Dieser Hinweis führt frontal zum zentralen Merkmal des Buches: die Sprache hat eine unernste, selbst-ironische Leichtigkeit, sowohl in den Erläuterungen wie in den Beispielen und Aufgaben („Der Aphorismus ist … die Domäne alter Männer.“ Allerdings soll diese Regel vom Leser/von der Leserin gebrochen werden; vgl. 128). Alles Dogmatische und Zwanghafte wird außen vorgelassen. Nicht belehrend zu sein, zählt in einem „Leitfaden“ zu den Herausforderungen, die die beiden Verfasser dem Genre entsprechend bewältigt haben. Form und Inhalt „passen“.
An einigen Stellen wird es politisch: wenn es gegen „landläufige Meinung“ geht, um politisch Inkorrektes, um freie Meinungsäußerung usw. Hier sind Werturteile, Weltanschauungen, Corona, Provokationen immer kritisch und kontrovers. Das Selbst-Denken wird angestachelt.
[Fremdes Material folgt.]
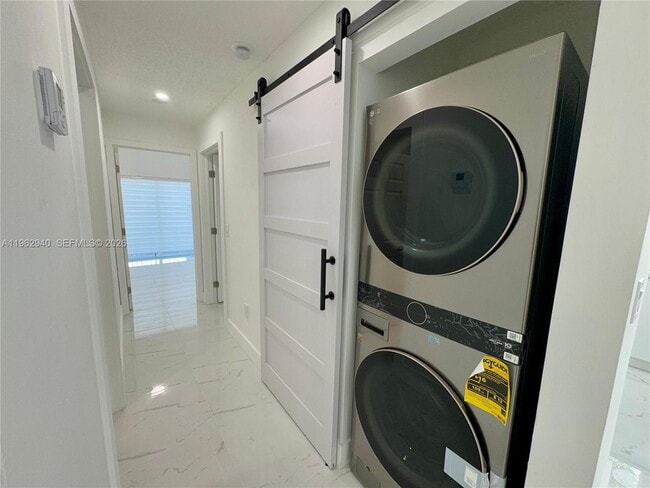 Photo - 421 NW 13th Ave Unidad B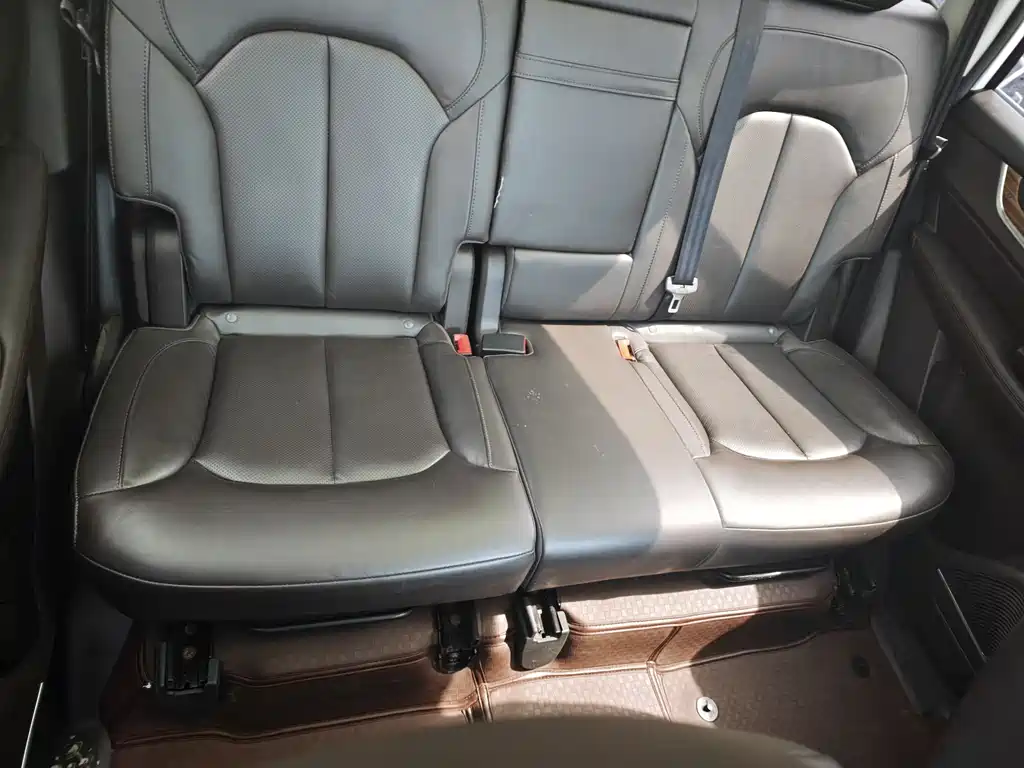 Roewe RX8 2018 30T two-wheel drive elite version купить на сайте DeffCars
Übrigens: Die Bilder der drei Künstler sind nicht nur „Beiwerk“, sondern Impulsgeber für Texte und Aufgaben.
Damit aus dem Leitfaden kein Leidfaden wird, sollten Sprach- und Aphorismus-Interessierte sich das Buch „vornehmen“, um daran ihre eigene aphoristische Kompetenz zu „schärfen“.